CRA effectively indicates that general partner distributions have been subject to GST/HST all along

CRA has released Notice 308 discussing the new investment limited partnership (ILP) rules (which were effective as early as September 8, 2017, subject to some detailed transitional rules). Noteworthy points include:

  • CRA effectively takes the position that under the previous rules (i.e., before taking into account the ILP amendments) most general partners were required to charge HST on the fair market value of the periodic admin and management services provided by them to an investment limited partnership (i.e., a partnership that will be an ILP under the amendments.) In an example dealing with such a partnership, it states that the general partner (GP) is required to amend its returns to show GST/HST as having been collectible by it on the fair market value (FMV) of the monthly management fees provided by it before the effective date of the new rules. Given the predominant view in the industry, CRA thus is effectively declaring that most general partners of ILPs are delinquent in their filings under the old rules. This is not the last you will hear of this.

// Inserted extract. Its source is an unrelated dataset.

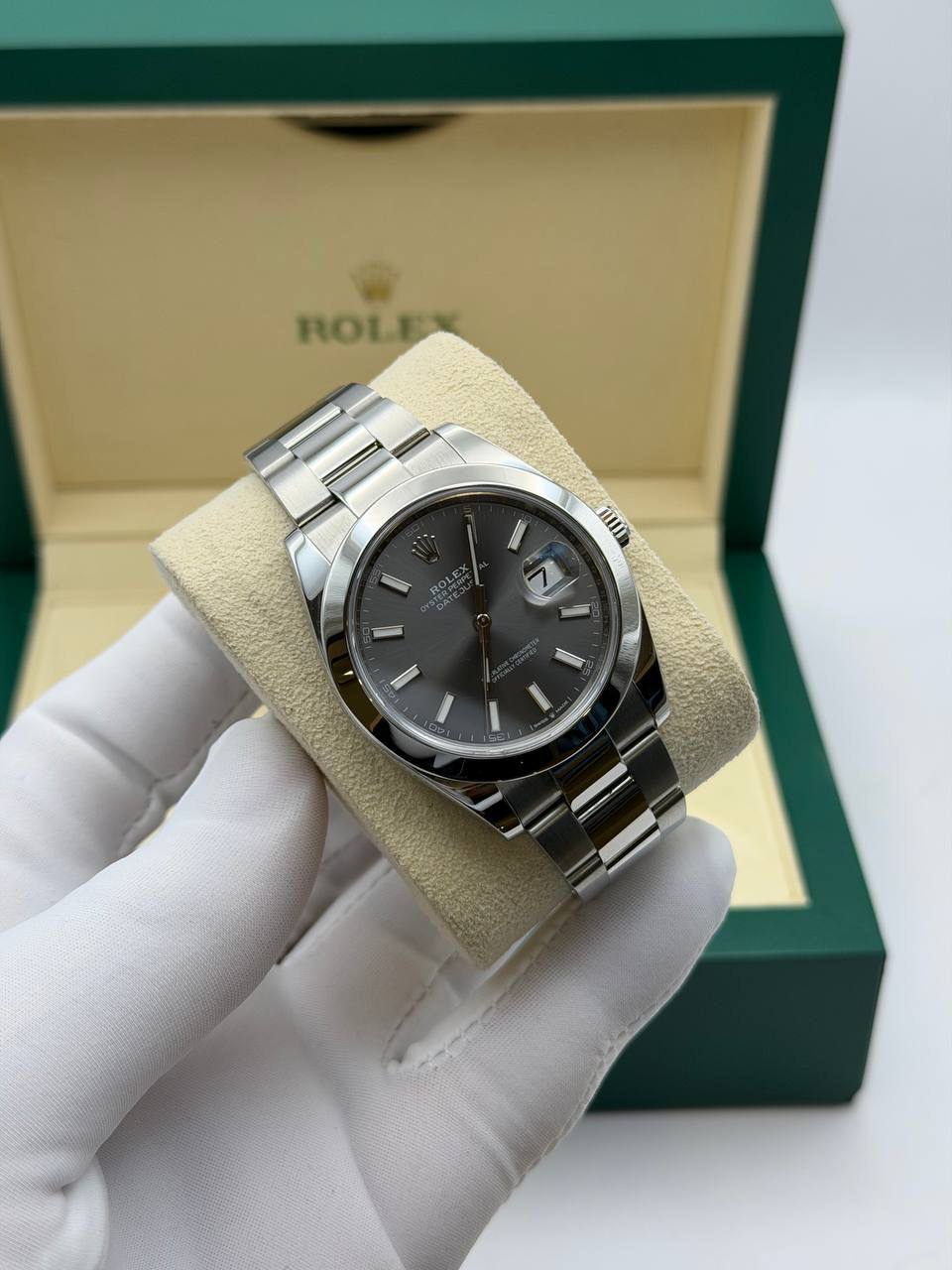 Rolex Datejust Bisel Liso Oyster Dial Rodio 41mm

  • There is no discussion of carries/promotes. However, a variant of the above example deals with the situation where the GP charges both a monthly fee calculated as a percentage of NAV and an annual fee based on the “performance” of the LP fund.
    • The only comment made by CRA on the performance fee was "given the annual payment that [GP] may be entitled to receive from LP Fund, the monthly payment may not be reflective of the FMV of the management and administrative services rendered in a particular month."

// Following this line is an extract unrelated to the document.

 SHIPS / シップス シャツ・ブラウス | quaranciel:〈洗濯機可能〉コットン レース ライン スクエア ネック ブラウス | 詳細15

    • This may indicate that CRA considers that where the GP makes regular charges (e.g., takes monthly GP draws) for its management and admin services, a less frequent performance fee, carry or promote will not per se be subject to GST/HST – but the fact that the limited partners were willing for their partnership to bear this less frequent charge may indicate that the regular actual charges were less than the FMV of the GP’s monthly services.
    • Although there are other rules that turn on FMV (e.g., the self-supply rule for new apartment complexes on first occupancy or substantial completion), in practice it would be very difficult to determine a notional FMV for a GP’s monthly services.
  • CRA indicates that a real estate fund which for limited liability or financing reasons invests in real estate through subsidiary LPs is an ILP even if most of its investors are not financial institutions.
  • New s. 132(6) deems an ILP with a Canadian-resident GP but with mostly non-resident members to be a non-resident person (so that, for example, manager services supplied to it could be zero-rated.) However, s. 132(2) deems a non-resident to be resident respecting the activities that it carries on through a Canadian permanent establishment. CRA appears to implicitly accept that such an ILP will not nonetheless be deemed by s. 132(2) to be resident in Canada by virtue of carrying on all its activities through the GP, who presumably would have an office in Canada that might be considered to be a Canadian PE of the ILP. CRA instead only references the situation where there is a Canadian PE maintained on behalf of the ILP in its own right, e.g., an office that it rents out.

Neal Armstrong. Summaries of GST/HST Notice 308 GST/HST and Investment Limited Partnerships July 2018 under ETA s, 272.1(3), s. 272.1(8), s. 132(6), s. 123(1) – investment limited partnership, s. 225.2(2), s. 240(3)(c), 238(2), 238(2.1), Selected Listed Financial Institutions Attribution Method (GST/HST) Regulations, s. 3(e), s. 54(1), s. 55(2), s. 55(4)(c) and s. 73(1).